### INPUT MATERIAL
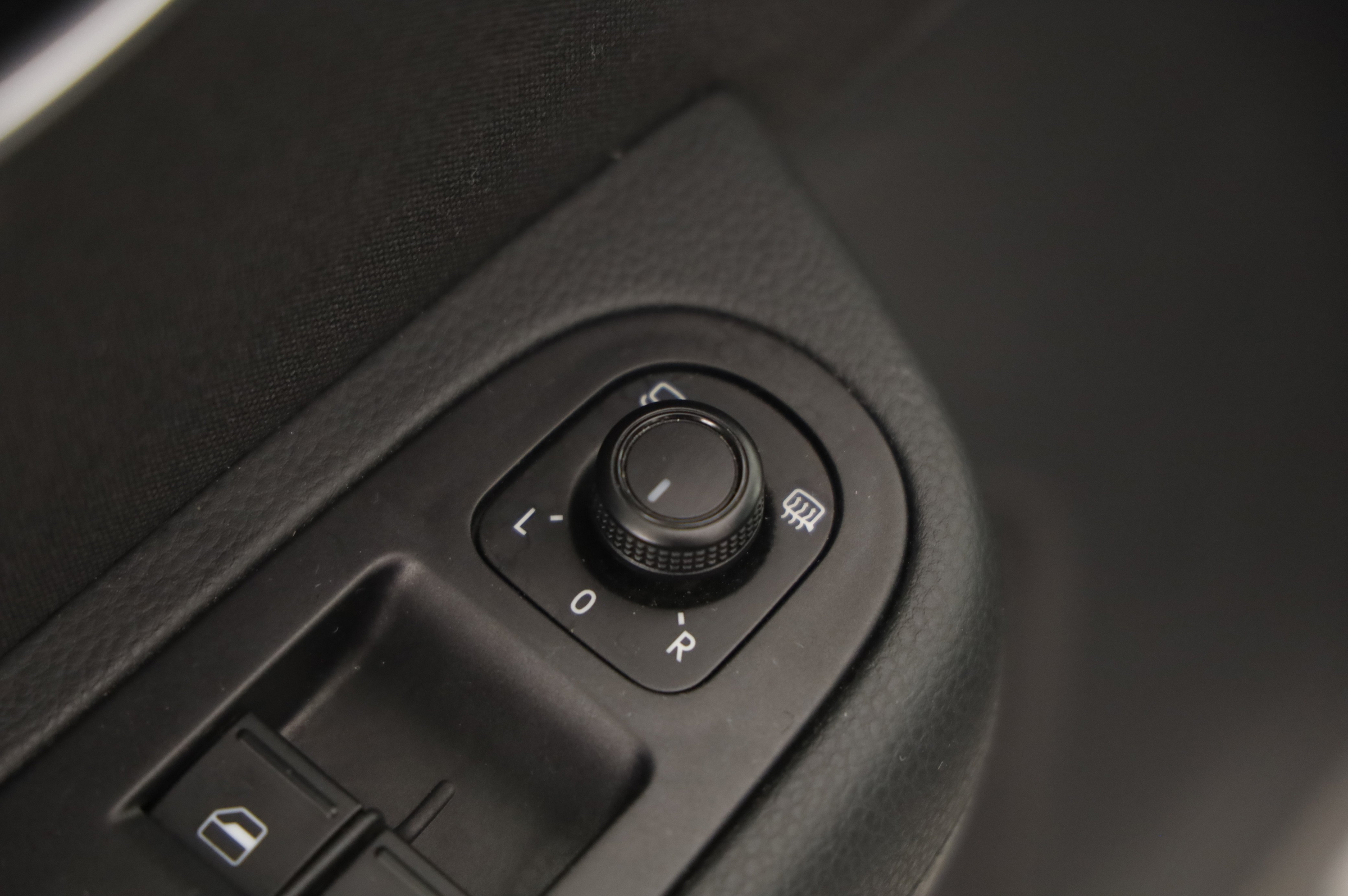 VW Sharan Comfortline TDI SCR DSG 5-Sitzer | Bild 18 von 31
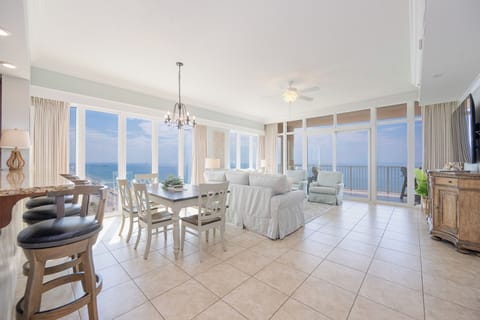 Phoenix Gulf Shores 2104, Gulf Shores, Alabama, beach front, 4 bedroom condominium on the 21st floor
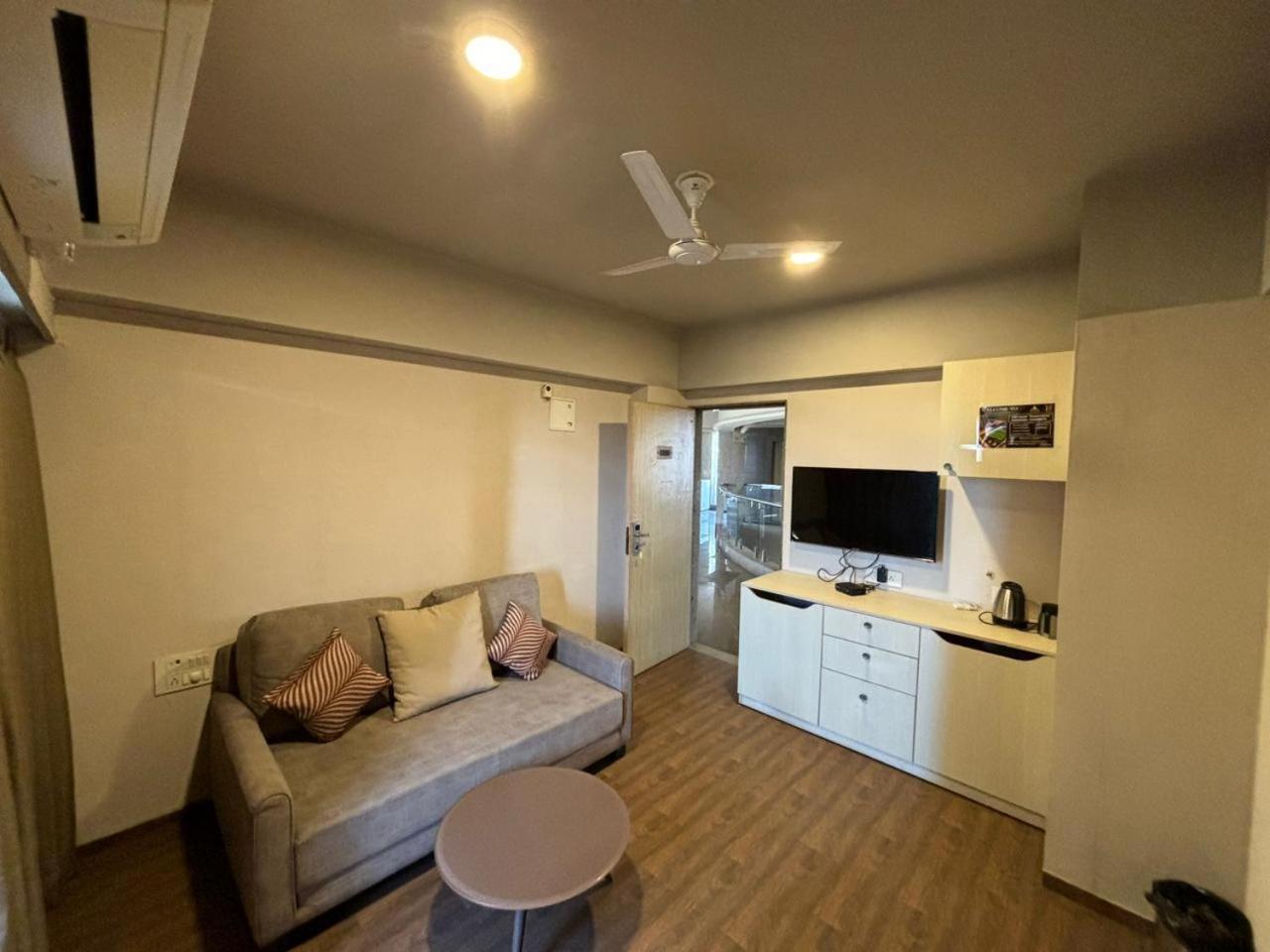 Weekend Address By Honest Homes Surat Esterno foto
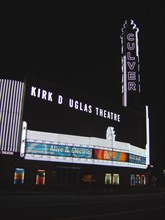 Kirk Douglas Theater à Culver City, Los Angeles (de nuit)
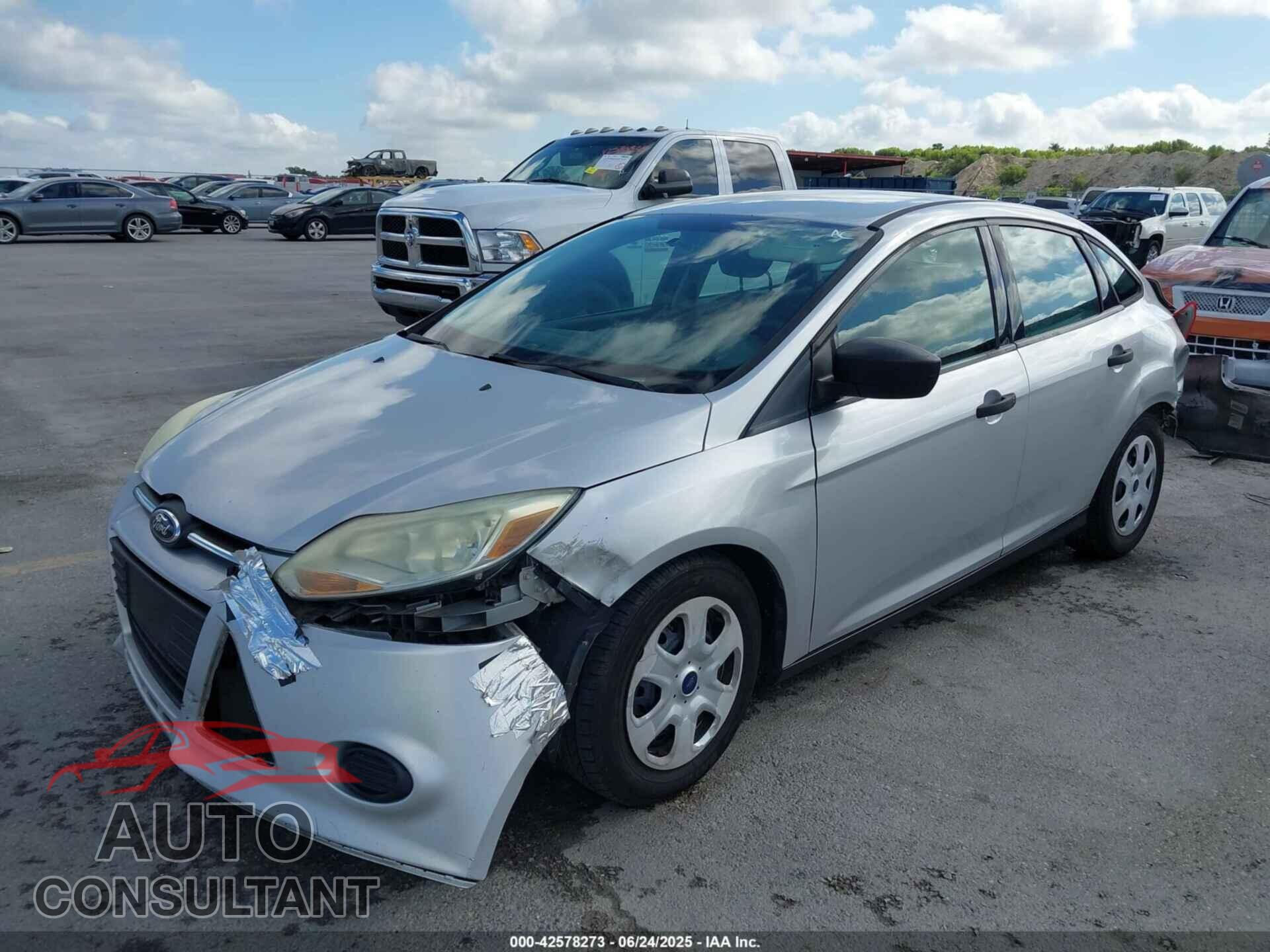 FORD FOCUS 2014 - 1FADP3E25EL406490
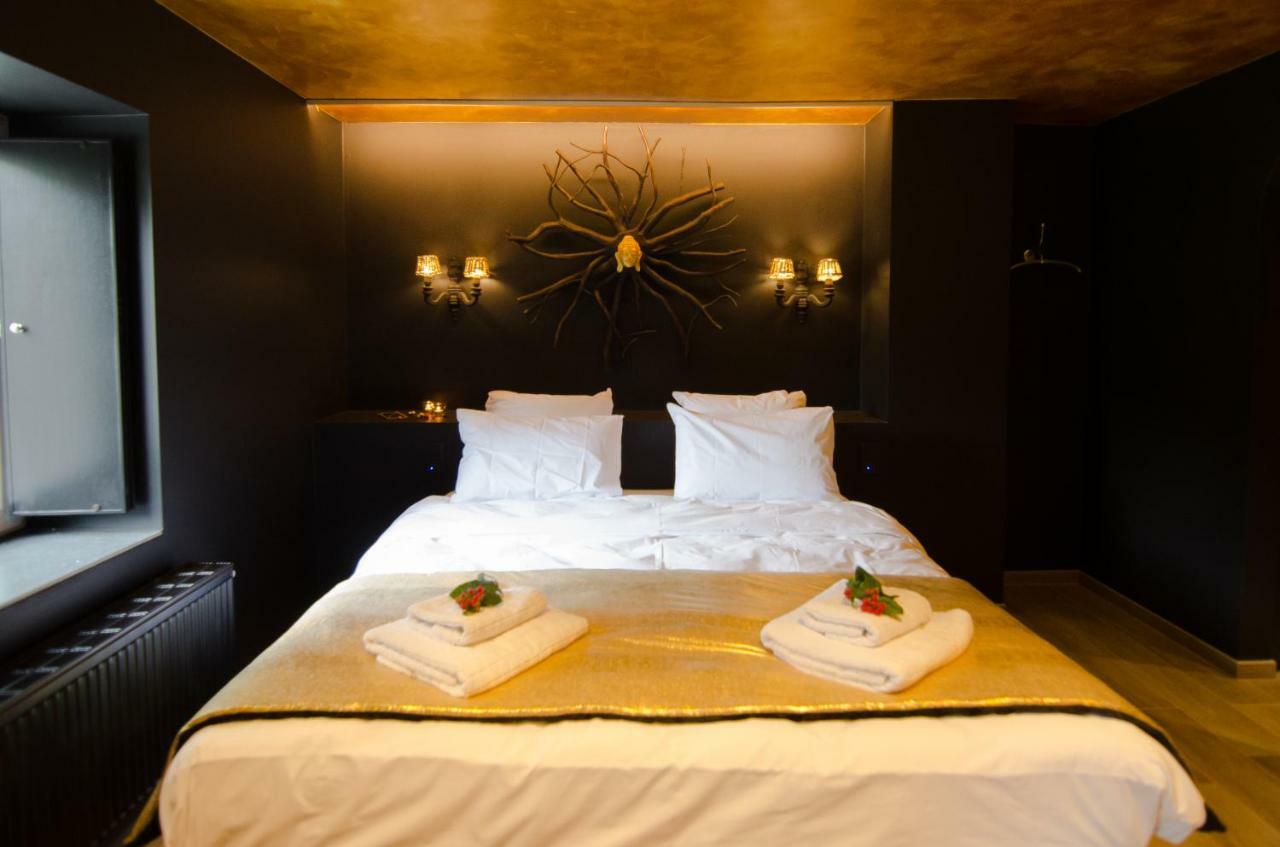 River Lodge Hotel Insolite Abadia de Abadia de Maredsous Exterior foto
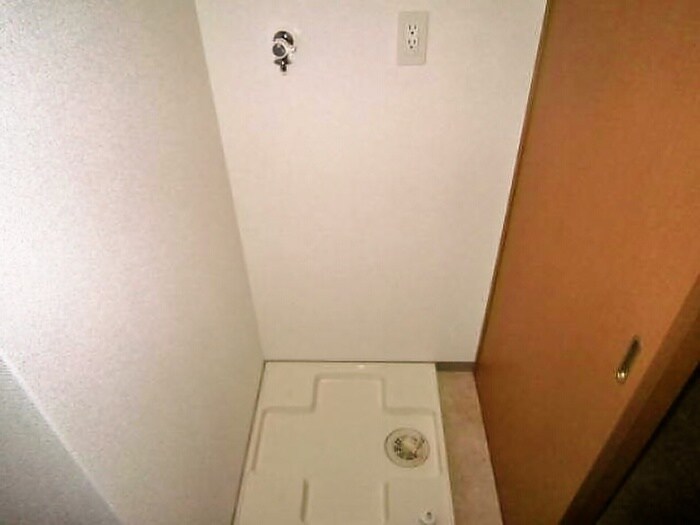 洗濯機置場 アンプル－ルベトン　カルティエ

### TASK GOAL
Each line from the one containing "FORD FOCUS 2014 - 1FADP3E25EL406490" down to the final line of the records above must be reproduced exactly; no pictures go into the copy.

### EXERCISE RESULT
 FORD FOCUS 2014 - 1FADP3E25EL406490
 River Lodge Hotel Insolite Abadia de Abadia de Maredsous Exterior foto
 洗濯機置場 アンプル－ルベトン　カルティエ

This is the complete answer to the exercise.